INSURANCE PREMIUM TAX - DON'T LET IT UNDERMINE YOUR PROGRAMME

18 Jun 2008

Insurance Premium Tax (IPT) can be the Achilles Heel of a global insurance programme, the AIRMIC annual conference heard today. Getting it right requires considerable effort, but protects the organisation and its risk manager from the consequences of non-compliance.

“If your programme breaks the IPT rules, no matter how innocently, it can result in fines and damage to your firm’s reputation and jeopardise any claims you make,” former AIRMIC chairman David Ketley told a workshop.

“This is one aspect of an insurance programme that’s easy to overlook, but you mustn’t ignore it.”

The basic rules are fairly straightforward, he said, but the devil can be in the detail. Insurance managers need to be clear about who is liable to pay IPT and which rules apply. The method of premium allocation can also be fraught, with companies tempted to be over-weight in countries where IPT is low.

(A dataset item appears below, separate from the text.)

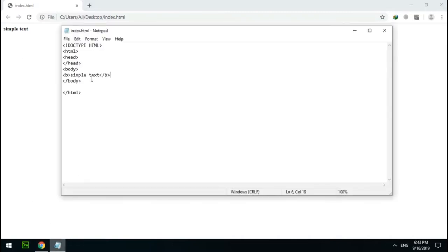Now I want to teach you a new type of tags: empty tags. Empty tags can only be opened — they don't need an end tag and have no content. One example is the HR tag, which creates a horizontal line in the webpage that takes the full width of the browser. Let's test it — it works as described.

“It can be important when making a claim or when questioned by the authorities to demonstrate that your IPT allocation reflects as accurately as possible the location of your risk,” he told delegates.

Co-presenter Mike Stalley of Fiscal Rep Limited set out a 5-ppint checklist for insurance buyers:

  • Don’t let the tax tail wag the insurance dog;
  • Justify the allocation of premiums;
  • Calculate tax cost at renewal;
  • Seek professional advice;
  • Check whether your broker and/or insurer are paying IPT. 

David Ketley is Insurance Manager at Cargill Europe.

The AIRMIC annual conference “communicating risk management” takes place at the Edinburgh Conference Centre June 17-18. The association represents nearly 1,000 risk managers and corporate insurance buyers, including approximately 75% of FTSE 100 companies.